======== RAW DATA ========

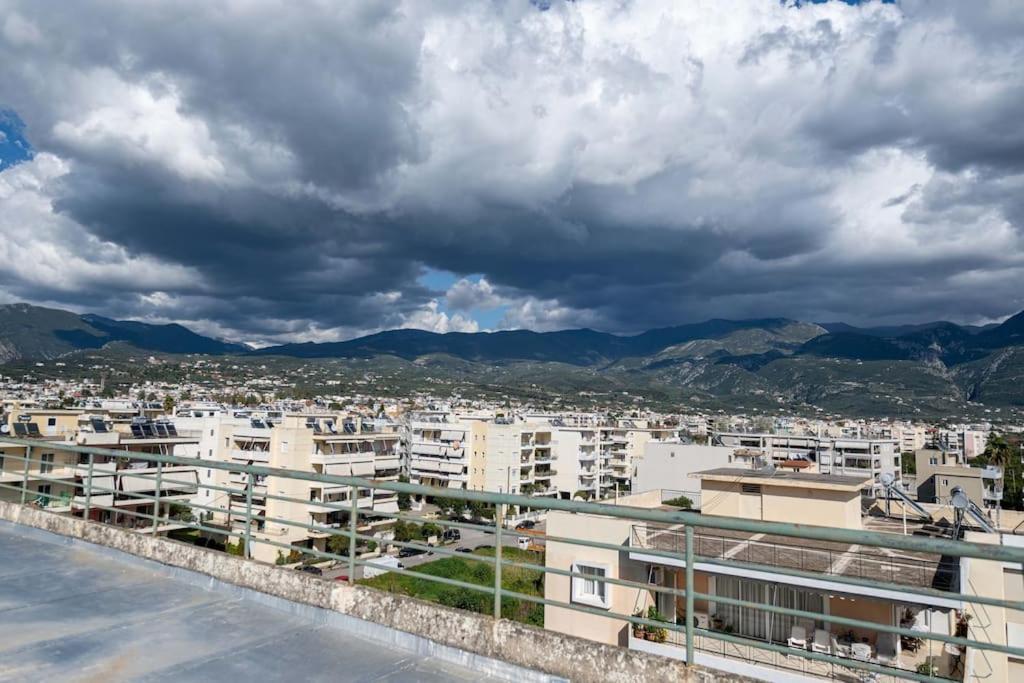 Skyhigh Haven Apartment Kalamata Ngoại thất bức ảnh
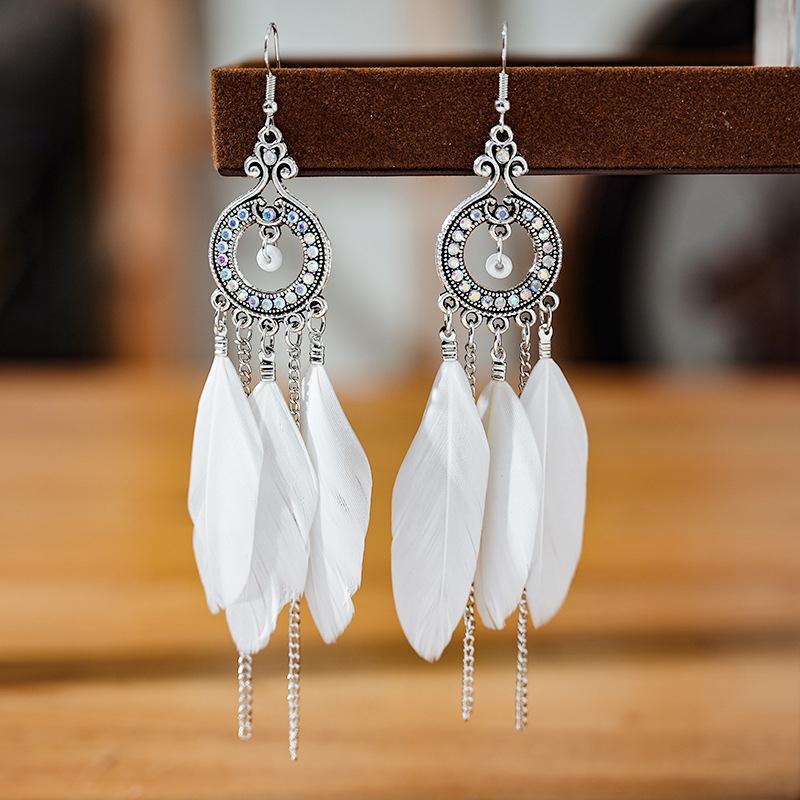 Bohemian Long Feather Drop Earrings For Women Round Crystal Rhinestone Bead Handmade Chain Dangle Beach Earings Pendientes Mujer
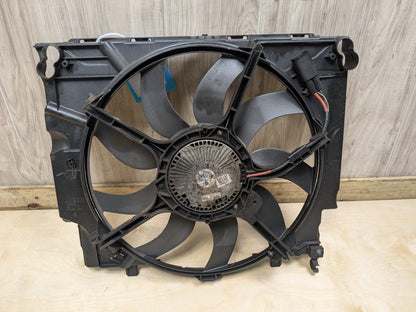 2008-2010 BMW 535i E60 Radiator Fan Shroud Housing w/ Motor 7603658 850w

========

Word-for-word transcription: the whole listing, with images excluded.

_EXERCISE RESPONSE_
 Skyhigh Haven Apartment Kalamata Ngoại thất bức ảnh
 Bohemian Long Feather Drop Earrings For Women Round Crystal Rhinestone Bead Handmade Chain Dangle Beach Earings Pendientes Mujer
 2008-2010 BMW 535i E60 Radiator Fan Shroud Housing w/ Motor 7603658 850w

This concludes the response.